Muchas veces, nos incomodamos cuando hablamos de amor hacia otras personas, que no pertenecen a nuestros círculos cercanos, y preferimos taparlo con eufemismos como cariño, afecto, aprecio, o como una sencilla muestra de cordialidad. El cristiano ¡está llamado a un amor sin reservas y sin expectativas! Cuánto bien le haría al mundo si, de verdad, actuáramos con amor en cada una de las decisiones de nuestra vida.
Esto también involucra nuestra vida de fe y nuestra vida en comunidad, como parroquia y como Iglesia. ¿Cuándo fue la última vez que le preguntaste al que está sentado al lado tuyo, en la banca de la misa dominical, cómo le fue en su semana? ¿Sabes cómo se llaman las personas que trabajan en la Iglesia como guardias, personal de limpieza o encargados de oficinas? ¿Sabes el nombre de los que cuidan los coches alrededor, el que vende esquites al otro lado de la calle, o quienes piden limosna en el atrio?

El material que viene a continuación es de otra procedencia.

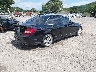 WDDGF8AB8DR****** Salvage and Wrecked 2013 Mercedes-Benz C 300 in Ohio State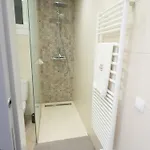 Apartment 291 Isard 2 4 Apto Junto A La Playa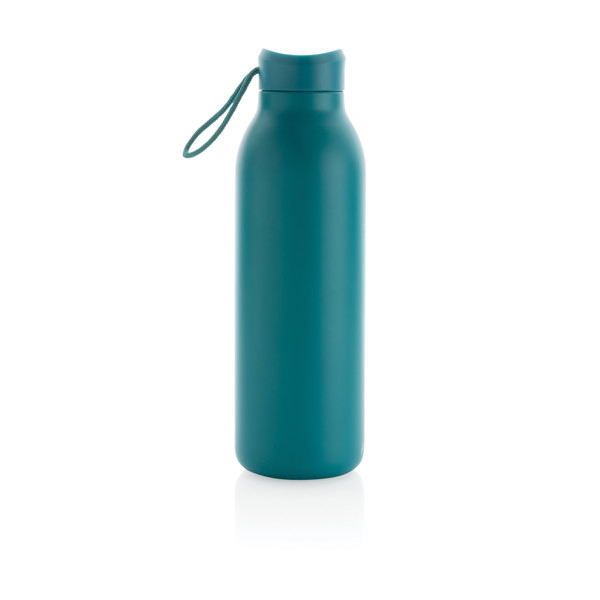 Avira Avior RCS Re-steel bottle 500 ML - Turquoise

Y, con Dios, cuando oramos, ¿le ponemos tiempo medido? ¿Vamos a misa por verdadero deseo de verle o simplemente como una obligación religiosa o por insistencia de nuestros padres?
No es tarde para empezar a amar, nunca es tarde. Y, de hecho, no hace falta hacer grandes demostraciones. El amor está en los detalles, esos que, en la sencillez, llevan la presencia de Dios de corazón a corazón. ¿De verdad amamos a Dios y a nuestros hermanos como a nosotros mismos? Que esa sea una pregunta fundamental, en esta Cuaresma que ahora empezamos; tal vez, así, comencemos un verdadero camino de conversión hacia la plenitud de Dios.